Japanese competition law consists of the , officially the , and several other statutory laws.

The AMA was introduced during the postwar United States-led-and-controlled Allied occupation. President Harry S. Truman, on 6 September 1945, issued a presidential directive instructing the Supreme Commander for the Allied Powers (SCAP) to dissolve Zaibatsu structures. Prior to World War II, Japan had no antitrust laws. There were seventeen Zaibatsu organisations, the four largest of which had controlled approximately a fourth of all of the paid-up capital in the Japanese economy just prior to the World War.

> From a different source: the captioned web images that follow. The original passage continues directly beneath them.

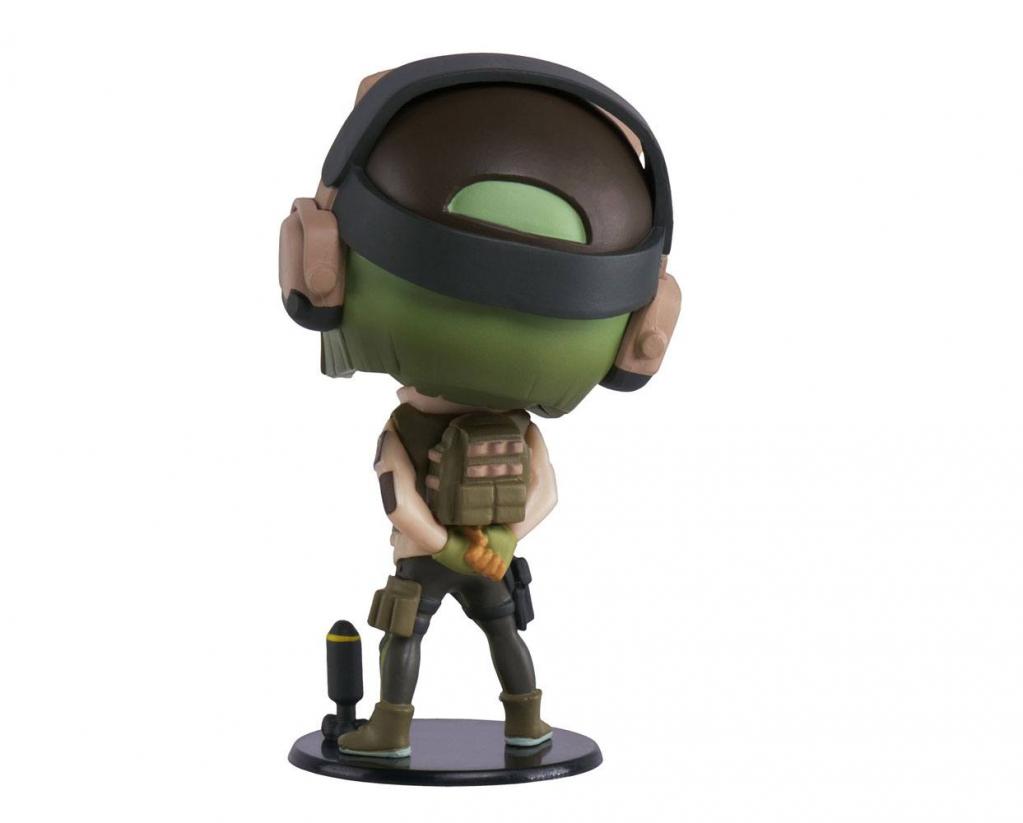 SIX COLLECTION Serie 3 - Figurine Ela Chibi (Officiel Ubisoft ...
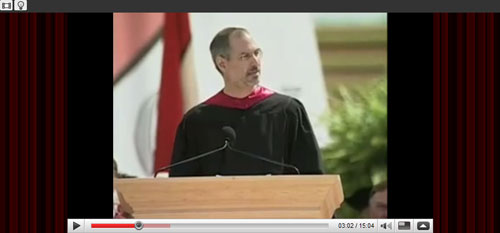 YouTube Theater View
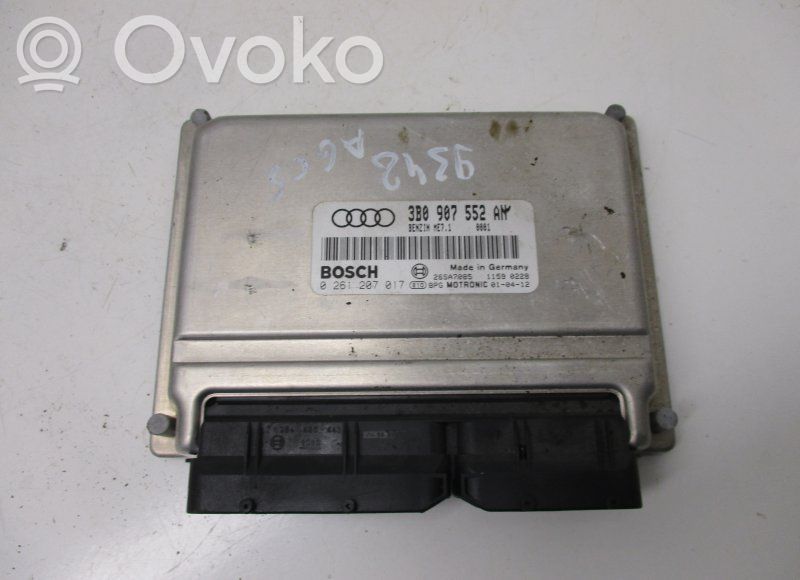 Audi A6 S6 C5 4B Engine control unit/module 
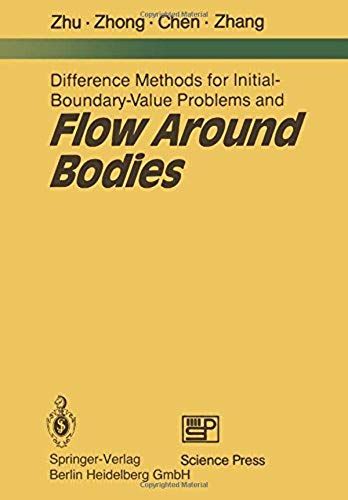 Difference Methods For Initial-Boundary-Value Problems And Flow Around Bodies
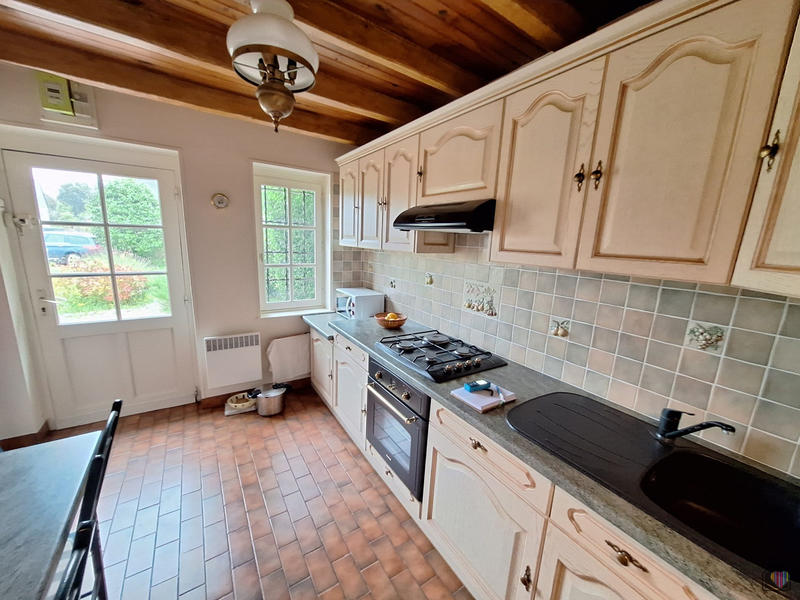 Maison - 81 m² - 5 pièces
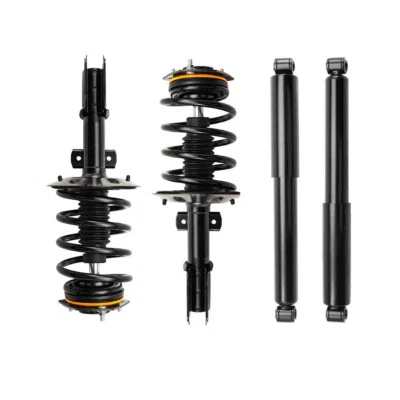 4Pcs Front Rear Struts Shocks For Buick Terraza Saturn Relay FWD 2005-2007 - Image 1 of 4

In opposition to General MacArthur's fear that Zaibatsu dissolution would lead to instability, the U.S. Departments of State and Justice sent a "Special Mission on Japanese Combines" to Japan for the implementation of a comprehensive antimonopoly framework. In response, MacArthur coerced the Japanese Diet into adopting legislation known as the Antimonopoly Act (AMA), with the persuasion to them that enforcement was optional.

Antimonopoly Act
MacArthur's AMA, which is still Japan's fundamental competition law, generalised prohibitions against three types of anticompetitive conduct.
private monopolization
unreasonable restraints of trade and
unfair methods of competition.

The AMA led to the formation of Japan's Fair Trade Commission (JFTC).

Relaxation of the Act
The weakness of the AMA was due to vagueness requiring JFTC officials to be familiar with presumptions built into American antitrust laws. Seeing the need for stability and the growing threat of Communism, the United States backtracked on requiring Japan's enforcement of the AMA and instead encouraged the resurrection of Zaibatsu structures.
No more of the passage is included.